Oleh: Erin az-Zahroh
#MuslimahTimes –– Pemerintahan presiden Joko Widodo meluncurkan paket kebijakan ekonomi ke-16. Salah satu paket kebijakan ini, pemerintah memberikan relaksasi berupa Daftar Negatif Investasi. (Tempo.co)
Paket ekonomi ini diumumkan Darmin Nasution, Menko Perekonomian, di Istana Negara (16/11). Negara memberikan kesempatan kepada pihak asing untuk menguasai 100 persen dari 54 bidang usaha dalam DNI. (RMOL.co)
“Tentunya dengan pelepasan DNI diharapkan bisa meningkatkan nilai investasi,” kata Edy saat menggelar konferensi pers di Kantor Kementrian Koordinator Bidang Perekonomian, Jakarta Pusat, Jumat lalu. (Tempo.co)
DNI merupakan daftar bidang usaha yang disusun oleh pemerintah. Penyusunannya bertujuan untuk melindungi pengusaha dalam negeri supaya tidak bersaing dengan pengusaha asing. Artinya, jika suatu bidang usaha masuk dalam DNI, maka pemerintah akan membatasi pemodal asing untuk ikut dalam kepemilikan bidang tersebut.
Bertolak dari argumen pemerintah tentang pembebasan DNI, sesungguhnya muncul ancaman bagi pengusaha domestik. Bidang usaha yang dibebaskan ini banyak digeluti rakyat kecil, yakni UMKM dan koperasi. Padahal, sektor UMKM dan koperasi selama ini merupakan garda pengamanan yang membantu menekan jumlah pengangguran di negeri ini. Seharusnya di negara manapun, sektor ini dilindungi oleh pemerintah secara ketat. Hal ini dikarenakan sektor ini yang mampu mendongkrak produktifitas perekonomian nasional.
Bila UMKM dan koperasi dirapuhkan dengan pembebasan masuknya asing, maka lengkaplah sudah penghancuran perekonomian Indonesia. Para kapitalis, dengan neoliberalisamenya, telah purna menundukkan negeri ini.

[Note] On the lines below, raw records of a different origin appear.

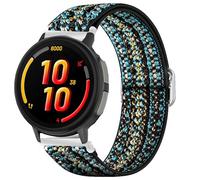 Blueshaweu Compatible with Garmin Bounce 2 Band, Stretch Elastics Nylon Adjustable Replacement Strap Accessories Compatible with Garmin Bounce 2, 1 Smart Watch (Blue Sky, 20mmSize)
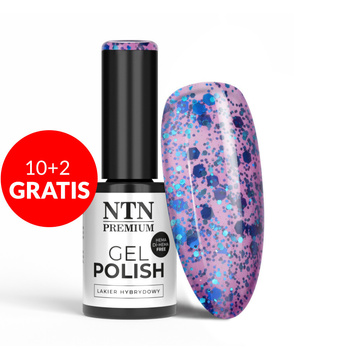 10 + 2 gratis: NTN Premium Multicolor Collection HEMA/Di-HEMA-freier Hybridlack, 5 g, Nr. 86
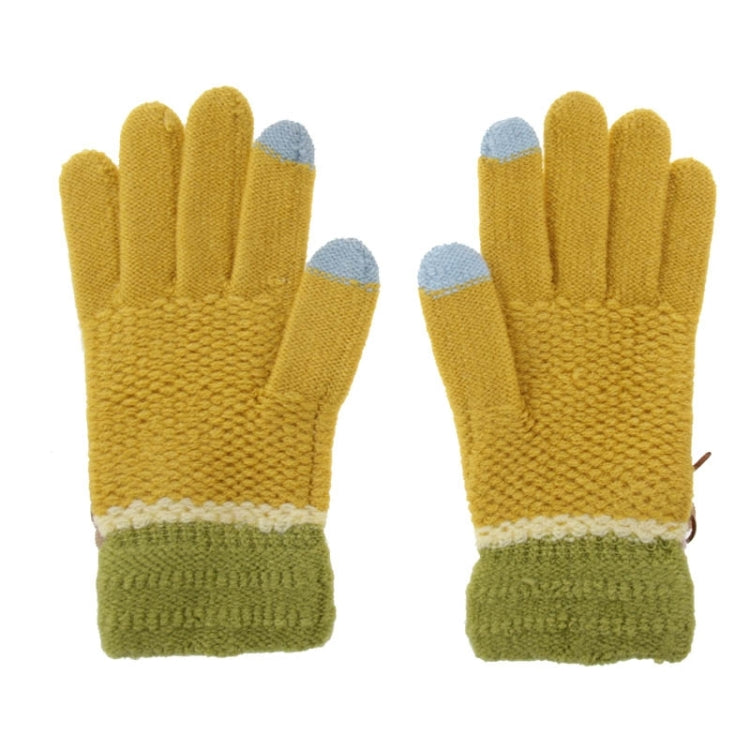 Fashionable Flower Style 2-finger Capacitive Touch Gloves for Women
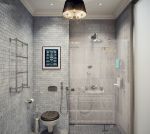 4平米正方形卫生间家居浴室装修效果图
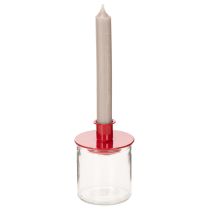 Artikel Rundes Windlicht aus klarem Glas, Teelichthalter, 8 cm, 3er-Set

Sebuah negara yang merdeka, idealnya memiliki politik kemandirian. Caranya dengan menghindari campur tangan pihak asing serta mengoptimalkan pengelolaan kekayaan negeri (SDA) untuk menjamin pemenuhan kebutuhan rakyat. Rakyat sesungguhnya ibarat anak yang harus diurusi ayah-ibunya (pemerintah), bukan malah dijadikan pasar. Sayangnya pengaturan yang demikian hanya ada dalam sistem pemerintahan islam, bukan sifat sitem kapitalis.
Dalam sistem kapitalis-neoliberalisme yang berbalut demokrasi, negara ibarat pedagang. Sehingga mindset negara adalah bagaimana caranya supaya dapat mengambil keuntungan dari rakyatnya. Maka pantas untuk dipikirkan bersama, apakah sistem yang demikian layak dipertahankan? Sementara tersedia sistem lain yang sempurna, yaitu sistem Islam.